__What the task requires__. Everything in the records should be repeated exactly, down to the last character.

##### Given records #####

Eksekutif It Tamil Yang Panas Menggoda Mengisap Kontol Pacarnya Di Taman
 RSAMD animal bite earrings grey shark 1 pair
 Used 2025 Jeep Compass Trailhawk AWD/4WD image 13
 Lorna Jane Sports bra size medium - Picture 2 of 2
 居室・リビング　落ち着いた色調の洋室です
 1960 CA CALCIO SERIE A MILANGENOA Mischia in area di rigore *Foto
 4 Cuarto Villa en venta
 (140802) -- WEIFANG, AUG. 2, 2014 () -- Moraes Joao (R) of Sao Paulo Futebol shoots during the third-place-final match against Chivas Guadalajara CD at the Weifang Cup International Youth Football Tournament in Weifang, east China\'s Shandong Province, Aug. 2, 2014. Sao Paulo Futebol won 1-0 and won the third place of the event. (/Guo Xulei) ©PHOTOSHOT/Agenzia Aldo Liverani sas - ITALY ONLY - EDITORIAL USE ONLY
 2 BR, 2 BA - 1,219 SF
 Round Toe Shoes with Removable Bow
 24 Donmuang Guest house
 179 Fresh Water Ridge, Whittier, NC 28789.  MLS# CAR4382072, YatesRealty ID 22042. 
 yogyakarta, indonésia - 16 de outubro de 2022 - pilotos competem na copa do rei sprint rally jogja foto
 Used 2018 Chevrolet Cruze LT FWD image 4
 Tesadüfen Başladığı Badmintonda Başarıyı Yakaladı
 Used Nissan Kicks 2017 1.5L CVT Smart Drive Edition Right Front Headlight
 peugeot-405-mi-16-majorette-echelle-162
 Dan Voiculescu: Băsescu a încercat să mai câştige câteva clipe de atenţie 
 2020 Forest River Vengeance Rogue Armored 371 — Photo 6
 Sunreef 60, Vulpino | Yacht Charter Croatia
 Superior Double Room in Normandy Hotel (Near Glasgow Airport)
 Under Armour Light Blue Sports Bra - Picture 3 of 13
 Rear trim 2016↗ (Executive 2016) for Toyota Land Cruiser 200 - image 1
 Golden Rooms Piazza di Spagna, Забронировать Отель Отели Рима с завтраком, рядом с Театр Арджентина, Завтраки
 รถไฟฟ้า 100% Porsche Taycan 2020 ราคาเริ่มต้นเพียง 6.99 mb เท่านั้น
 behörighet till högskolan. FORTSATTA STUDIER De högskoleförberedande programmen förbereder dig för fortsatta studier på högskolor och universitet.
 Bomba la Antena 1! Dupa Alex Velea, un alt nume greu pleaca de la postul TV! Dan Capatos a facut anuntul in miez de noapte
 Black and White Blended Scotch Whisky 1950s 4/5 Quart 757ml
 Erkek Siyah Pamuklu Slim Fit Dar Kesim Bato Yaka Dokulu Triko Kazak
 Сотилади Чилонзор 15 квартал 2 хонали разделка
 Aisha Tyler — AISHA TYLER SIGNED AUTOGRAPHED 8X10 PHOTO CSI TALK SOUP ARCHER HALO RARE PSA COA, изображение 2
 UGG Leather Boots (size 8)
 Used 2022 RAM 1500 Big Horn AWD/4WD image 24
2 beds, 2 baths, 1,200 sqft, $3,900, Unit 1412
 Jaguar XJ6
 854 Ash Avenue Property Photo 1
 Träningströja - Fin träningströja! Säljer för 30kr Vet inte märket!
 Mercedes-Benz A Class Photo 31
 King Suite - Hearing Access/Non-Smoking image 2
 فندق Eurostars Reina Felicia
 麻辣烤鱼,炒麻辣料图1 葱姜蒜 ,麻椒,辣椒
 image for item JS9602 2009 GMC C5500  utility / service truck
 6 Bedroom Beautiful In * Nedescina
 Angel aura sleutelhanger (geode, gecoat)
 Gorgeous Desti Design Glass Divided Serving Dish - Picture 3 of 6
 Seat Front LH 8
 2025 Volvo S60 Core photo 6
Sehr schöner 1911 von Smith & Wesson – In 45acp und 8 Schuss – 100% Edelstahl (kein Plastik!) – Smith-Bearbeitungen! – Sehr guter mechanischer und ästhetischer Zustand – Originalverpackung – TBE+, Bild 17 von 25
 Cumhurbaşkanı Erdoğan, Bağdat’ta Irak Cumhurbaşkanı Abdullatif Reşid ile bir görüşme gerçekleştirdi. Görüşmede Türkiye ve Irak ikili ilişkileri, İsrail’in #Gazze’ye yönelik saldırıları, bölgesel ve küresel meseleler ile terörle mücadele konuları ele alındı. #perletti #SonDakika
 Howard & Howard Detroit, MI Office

#####

__Completed exercise__.
Eksekutif It Tamil Yang Panas Menggoda Mengisap Kontol Pacarnya Di Taman
 RSAMD animal bite earrings grey shark 1 pair
 Used 2025 Jeep Compass Trailhawk AWD/4WD image 13
 Lorna Jane Sports bra size medium - Picture 2 of 2
 居室・リビング　落ち着いた色調の洋室です
 1960 CA CALCIO SERIE A MILANGENOA Mischia in area di rigore *Foto
 4 Cuarto Villa en venta
 (140802) -- WEIFANG, AUG. 2, 2014 () -- Moraes Joao (R) of Sao Paulo Futebol shoots during the third-place-final match against Chivas Guadalajara CD at the Weifang Cup International Youth Football Tournament in Weifang, east China\'s Shandong Province, Aug. 2, 2014. Sao Paulo Futebol won 1-0 and won the third place of the event. (/Guo Xulei) ©PHOTOSHOT/Agenzia Aldo Liverani sas - ITALY ONLY - EDITORIAL USE ONLY
 2 BR, 2 BA - 1,219 SF
 Round Toe Shoes with Removable Bow
 24 Donmuang Guest house
 179 Fresh Water Ridge, Whittier, NC 28789.  MLS# CAR4382072, YatesRealty ID 22042. 
 yogyakarta, indonésia - 16 de outubro de 2022 - pilotos competem na copa do rei sprint rally jogja foto
 Used 2018 Chevrolet Cruze LT FWD image 4
 Tesadüfen Başladığı Badmintonda Başarıyı Yakaladı
 Used Nissan Kicks 2017 1.5L CVT Smart Drive Edition Right Front Headlight
 peugeot-405-mi-16-majorette-echelle-162
 Dan Voiculescu: Băsescu a încercat să mai câştige câteva clipe de atenţie 
 2020 Forest River Vengeance Rogue Armored 371 — Photo 6
 Sunreef 60, Vulpino | Yacht Charter Croatia
 Superior Double Room in Normandy Hotel (Near Glasgow Airport)
 Under Armour Light Blue Sports Bra - Picture 3 of 13
 Rear trim 2016↗ (Executive 2016) for Toyota Land Cruiser 200 - image 1
 Golden Rooms Piazza di Spagna, Забронировать Отель Отели Рима с завтраком, рядом с Театр Арджентина, Завтраки
 รถไฟฟ้า 100% Porsche Taycan 2020 ราคาเริ่มต้นเพียง 6.99 mb เท่านั้น
 behörighet till högskolan. FORTSATTA STUDIER De högskoleförberedande programmen förbereder dig för fortsatta studier på högskolor och universitet.
 Bomba la Antena 1! Dupa Alex Velea, un alt nume greu pleaca de la postul TV! Dan Capatos a facut anuntul in miez de noapte
 Black and White Blended Scotch Whisky 1950s 4/5 Quart 757ml
 Erkek Siyah Pamuklu Slim Fit Dar Kesim Bato Yaka Dokulu Triko Kazak
 Сотилади Чилонзор 15 квартал 2 хонали разделка
 Aisha Tyler — AISHA TYLER SIGNED AUTOGRAPHED 8X10 PHOTO CSI TALK SOUP ARCHER HALO RARE PSA COA, изображение 2
 UGG Leather Boots (size 8)
 Used 2022 RAM 1500 Big Horn AWD/4WD image 24
2 beds, 2 baths, 1,200 sqft, $3,900, Unit 1412
 Jaguar XJ6
 854 Ash Avenue Property Photo 1
 Träningströja - Fin träningströja! Säljer för 30kr Vet inte märket!
 Mercedes-Benz A Class Photo 31
 King Suite - Hearing Access/Non-Smoking image 2
 فندق Eurostars Reina Felicia
 麻辣烤鱼,炒麻辣料图1 葱姜蒜 ,麻椒,辣椒
 image for item JS9602 2009 GMC C5500  utility / service truck
 6 Bedroom Beautiful In * Nedescina
 Angel aura sleutelhanger (geode, gecoat)
 Gorgeous Desti Design Glass Divided Serving Dish - Picture 3 of 6
 Seat Front LH 8
 2025 Volvo S60 Core photo 6
Sehr schöner 1911 von Smith & Wesson – In 45acp und 8 Schuss – 100% Edelstahl (kein Plastik!) – Smith-Bearbeitungen! – Sehr guter mechanischer und ästhetischer Zustand – Originalverpackung – TBE+, Bild 17 von 25
 Cumhurbaşkanı Erdoğan, Bağdat’ta Irak Cumhurbaşkanı Abdullatif Reşid ile bir görüşme gerçekleştirdi. Görüşmede Türkiye ve Irak ikili ilişkileri, İsrail’in #Gazze’ye yönelik saldırıları, bölgesel ve küresel meseleler ile terörle mücadele konuları ele alındı. #perletti #SonDakika
 Howard & Howard Detroit, MI Office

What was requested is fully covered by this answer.